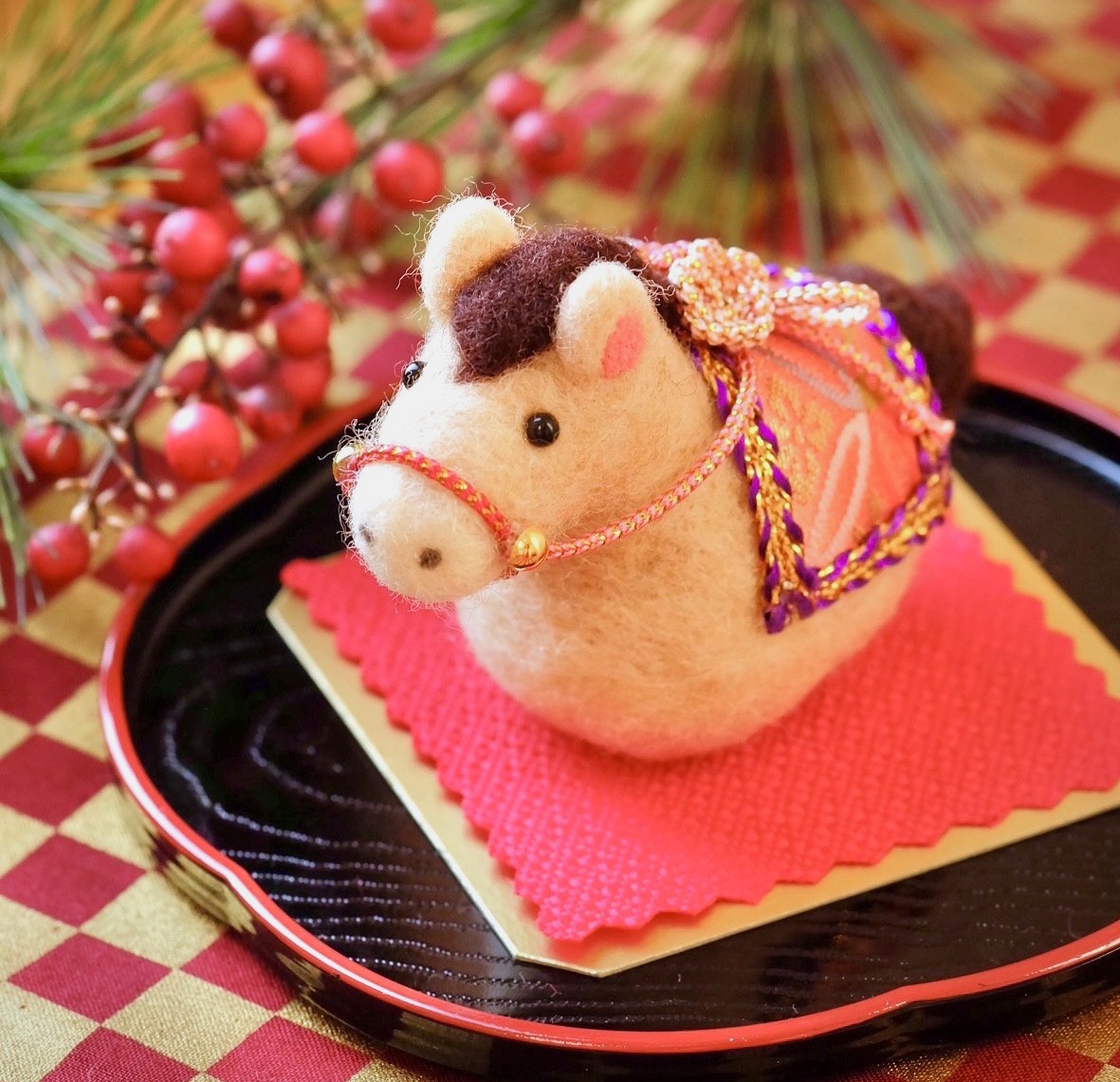 うま年の干支飾り・12/14(日) AMクラス 羊毛フェルトでかわいい干支飾り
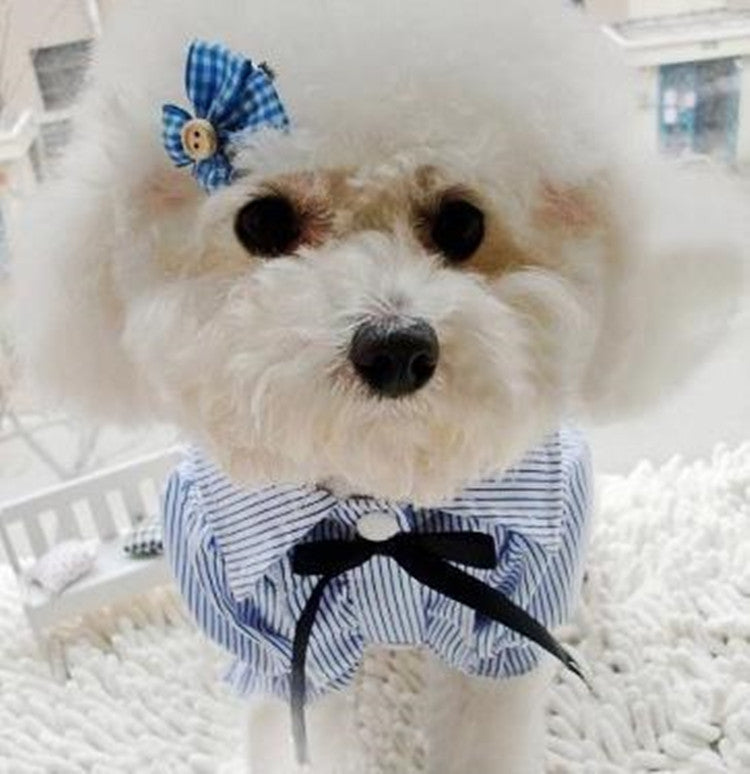 Pet Clothes Pet Stripe Lace Puff Sleeve Shirt, Size:M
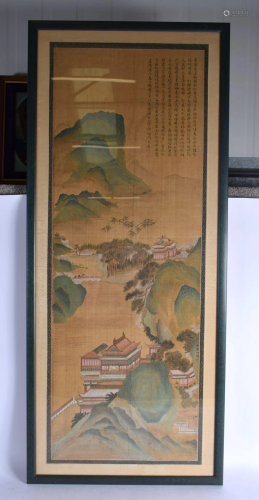 Chinese School (19th Century) Watercolour Silk Landscape and...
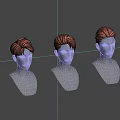 Three White Head Models Featuring Orange Hair And Different Hairstyles On Gray Background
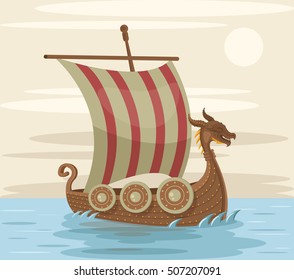 Viking ship. Vector flat cartoon illustration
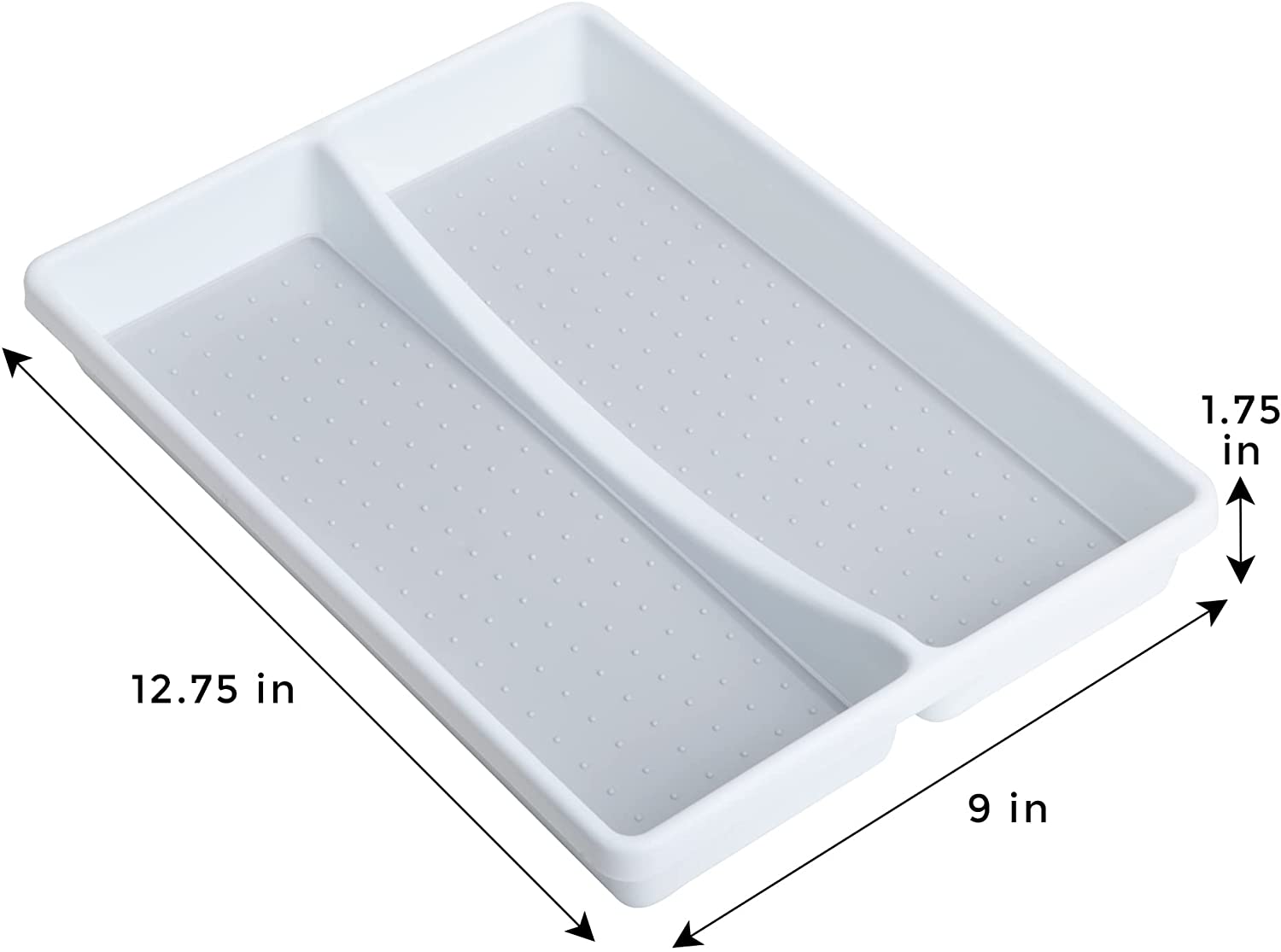 2-Compartment Plastic Drawer Organizer - White - Smart Design® 6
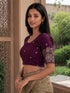 Rajnandini Women's Lycra Embroidered Readymade Blouse(BL6213WINE0426)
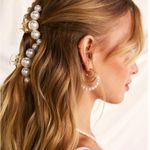 Ettika  PEARL AND 18KT GOLD PLATED BEADED HOOP EARRINGS, $60 Photo 1
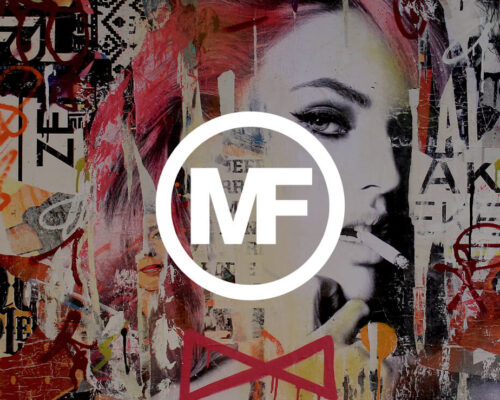 Pink black and white pop college wall art decor of Candice Swanepoel with artist Michiel Folkers signature in white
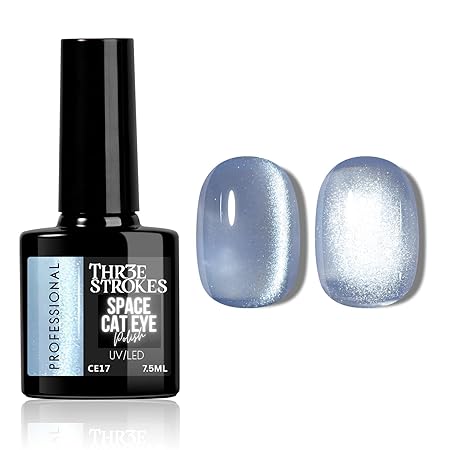 GV816 THR3E STROKES 9D Glitter Cat Eye Gel Magnetic Nail Polish Art Manicure DIY at Home Soak Off UV Gel 7.5ML (CE17, 7.5ML)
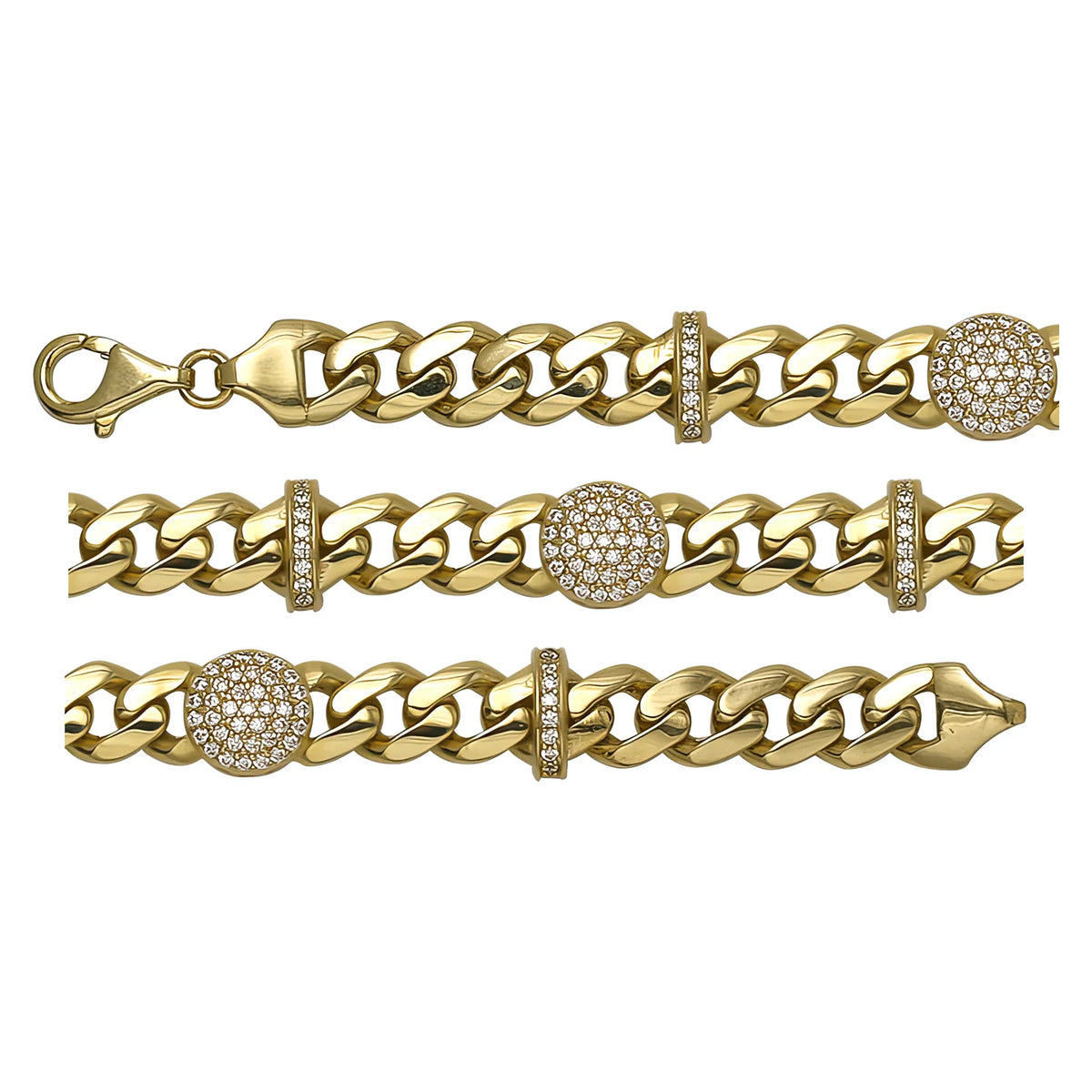 Solid gold curb bracelet, 13.65 g — shown in three rows across the frame.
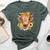 Cute Scottish Highland Cow Wearing Sunflower Bandana Heifer Bella Canvas T-shirt Heather Forest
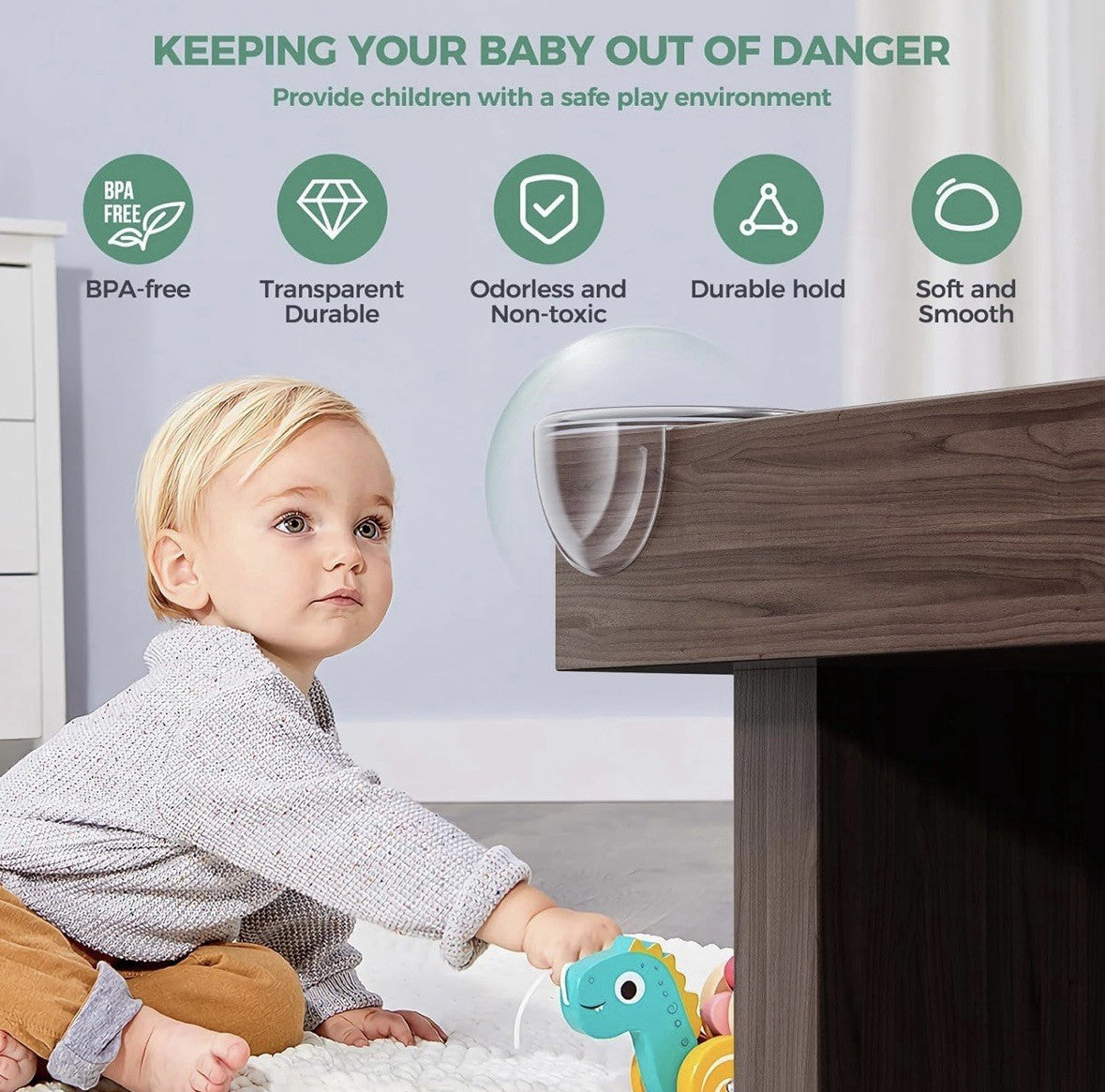 Tisch Eckenschutz für Babys,30er-Pack Kantenschutz,Silikon-Kantenschutz,2 Formen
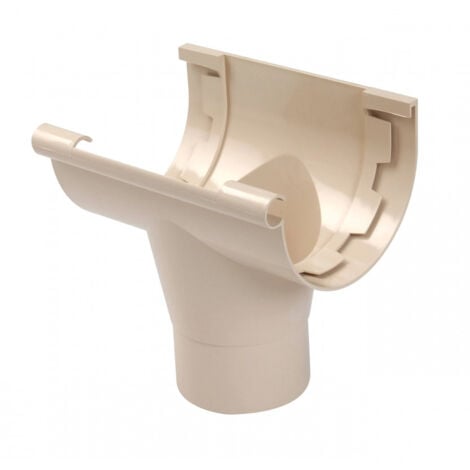 Naissance centrale pour gouttière 25 cm sortie diamètre 80 mm, à coller PVC sable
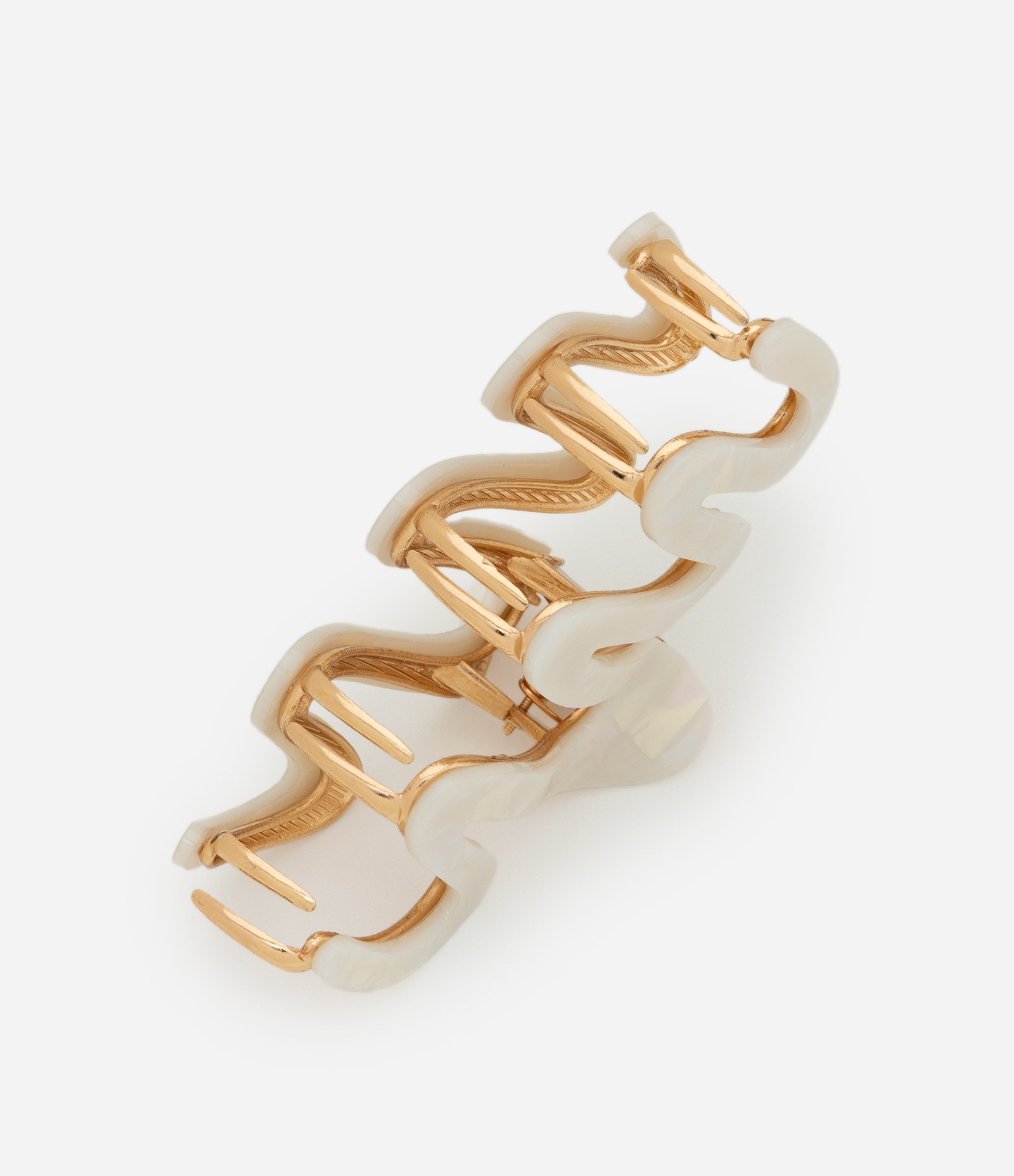 Piranha de Cabelo em Formato Ondulada em Resina Branco 2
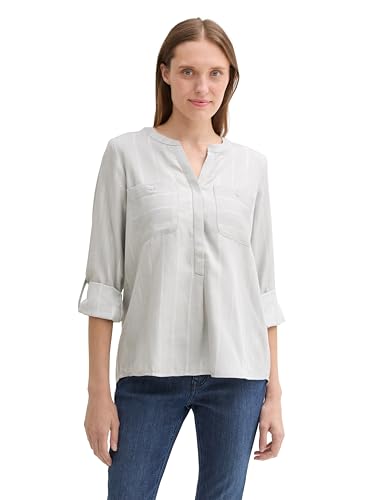 TOM TAILOR Damen Bluse im Streifen-Muster, 36620 - Grey Lurex Stripe, 38 von TOM TAILOR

Required work: Output exactly and only the lines from the line containing "Three White Head" to the end of the entries, both included, and omit every picture.

Solution to this exercise:
 Three White Head Models Featuring Orange Hair And Different Hairstyles On Gray Background
 Viking ship. Vector flat cartoon illustration
 2-Compartment Plastic Drawer Organizer - White - Smart Design® 6
 Rajnandini Women's Lycra Embroidered Readymade Blouse(BL6213WINE0426)
 Ettika  PEARL AND 18KT GOLD PLATED BEADED HOOP EARRINGS, $60 Photo 1
 Pink black and white pop college wall art decor of Candice Swanepoel with artist Michiel Folkers signature in white
 GV816 THR3E STROKES 9D Glitter Cat Eye Gel Magnetic Nail Polish Art Manicure DIY at Home Soak Off UV Gel 7.5ML (CE17, 7.5ML)
 Solid gold curb bracelet, 13.65 g — shown in three rows across the frame.
 Cute Scottish Highland Cow Wearing Sunflower Bandana Heifer Bella Canvas T-shirt Heather Forest
 Tisch Eckenschutz für Babys,30er-Pack Kantenschutz,Silikon-Kantenschutz,2 Formen
 Naissance centrale pour gouttière 25 cm sortie diamètre 80 mm, à coller PVC sable
 Piranha de Cabelo em Formato Ondulada em Resina Branco 2
 TOM TAILOR Damen Bluse im Streifen-Muster, 36620 - Grey Lurex Stripe, 38 von TOM TAILOR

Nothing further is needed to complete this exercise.